You can probably stand up the grass for the time being with either very light raking of the grass that's been pressed down or use a leaf blower and blow the grass in the opposite direction


----------



## drenglish (Jun 22, 2018)

@Scagfreedom48z+ I'm not too worried about the grass as it's already standing back up a little..it's the indented soil that's annoying. I wonder if a slow soil soak would help?

I'll get out the leaf blower in a bit and fluff things up a little to help


----------



## ken-n-nancy (Jul 25, 2017)

There have been some other recent threads on this. I think the consensus was that a "spading fork" works best for tire tracks.

I'd suggest checking out these other threads and using a spading fork to lift the compressed soil:

https://thelawnforum.com/viewtopic.php?f=9&t=6364#p108867

https://thelawnforum.com/viewtopic.php?f=4&t=5619#p103994


----------



## JDgreen18 (Jun 14, 2018)

That would piss me off...you should contact Amazon in my experience they are very good about making things right. It wont fix the problem but maybe give you a little compensation. After rereading your post I see it was the USPS that delivered it, they will do nothing but not deliver your packages up To your house and putting a letter in your mailbox to pick it up at the post office. Trust me on this. I would still Contact Amazon.


----------



## ken-n-nancy (Jul 25, 2017)

drenglish said:


> The mail lady has struck again!


Is that corner your driveway around the entire corner, or is that a corner with the street?

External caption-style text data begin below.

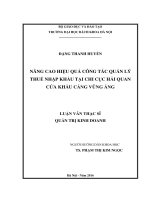 Nâng cao hiệu quả công tác quản lý thuế nhập khẩu tại chi cục hải quan cửa khẩu cảng vũng áng 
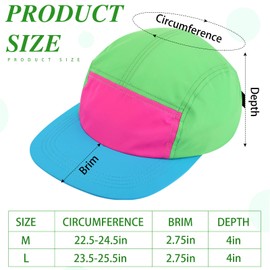 Cindeer 80s 90s Neon Hat Nylon Cap Retro Adjustable Cap for Women Men 80s Costumes Accessories 90s Theme Party(L,Neon Blue Brim)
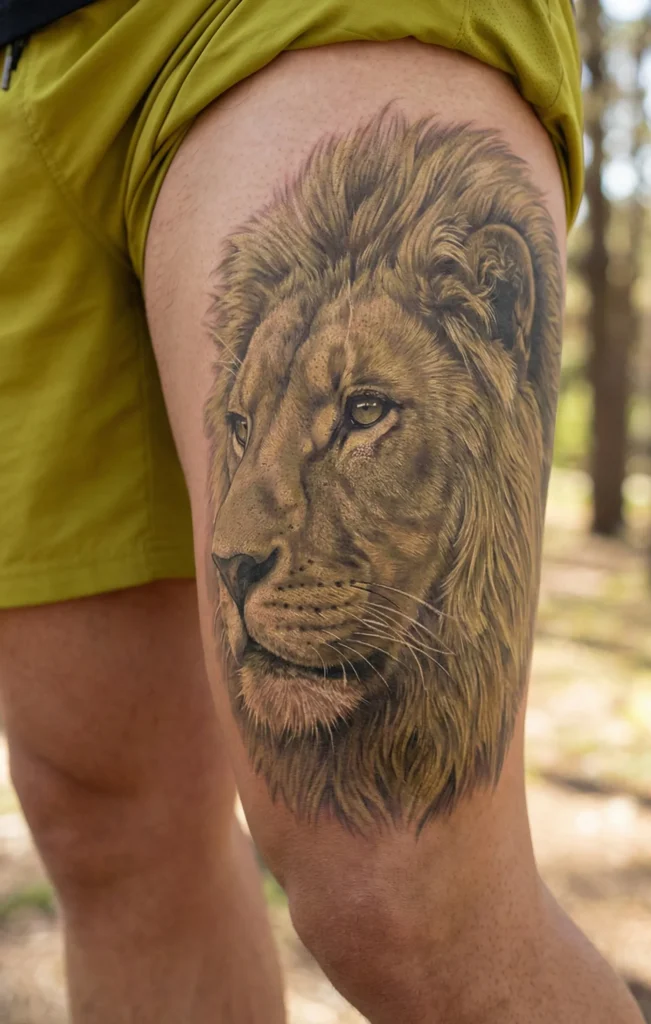 Realistic Lion Tattoo with Textured Skin and Fur Contrast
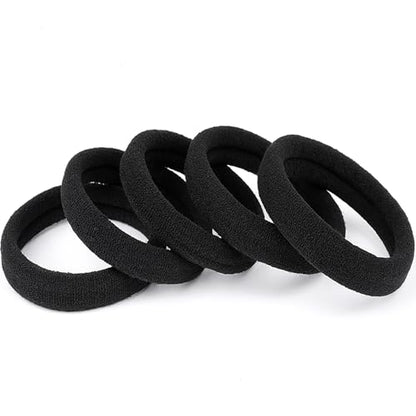Black Hair Ties No Damage No Pull 100PCS Extra Thick Elastics Hair Bands Large Ponytail Holders for Women Girls Thick Heavy Curly Hair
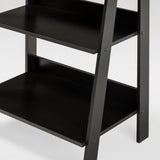 55" Ladder Bookshelf Black BS55LDBL Walker Edison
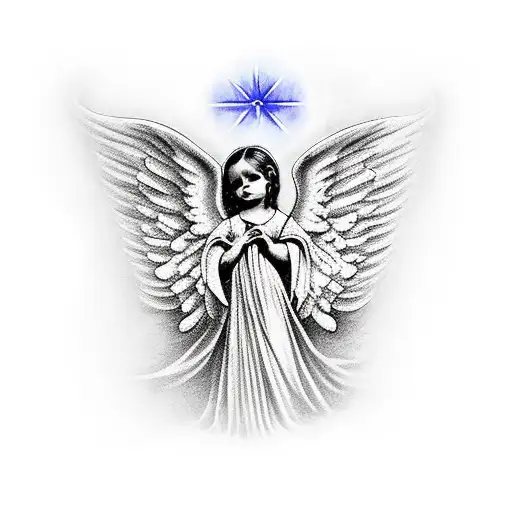 Gothic Cathedral Scene With Cherub Angels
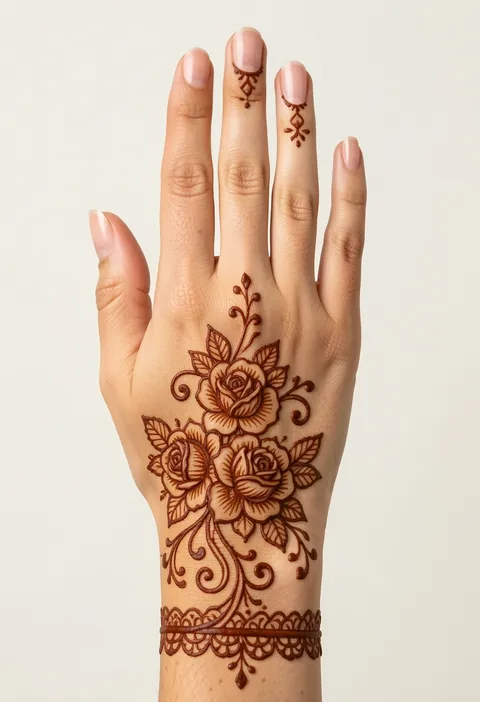 Bridal back-hand mehndi design with a rose cluster, curling swirls, decorated fingertips and a lace wrist band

Personally, I'd suggest putting a big granite boulder in that corner to solve the problem permanently. A small granite boulder about about 2' x 2' x 2' would be sufficient to stop basically any vehicle. (Mind you, such a boulder will weigh about 1400 pounds.) I've got plenty of extras around the perimeter of my yard that you can have, as long as you come and get it...


----------



## drenglish (Jun 22, 2018)

@JDgreen18 hmmm I never would have thought to contact Amazon. I'm over it now but man this is the third time with the same lady and my wife and I have spoken with her specifically about it and asked her to not use the driveway round round a bout or whatever it's called. The first time she drove over a rake, hose, and a new reno last year. This past summer I had leveled the dirt (prepping for a new reno, new grass type) and she annihilated my work, and now finally that it's grown in she struck again.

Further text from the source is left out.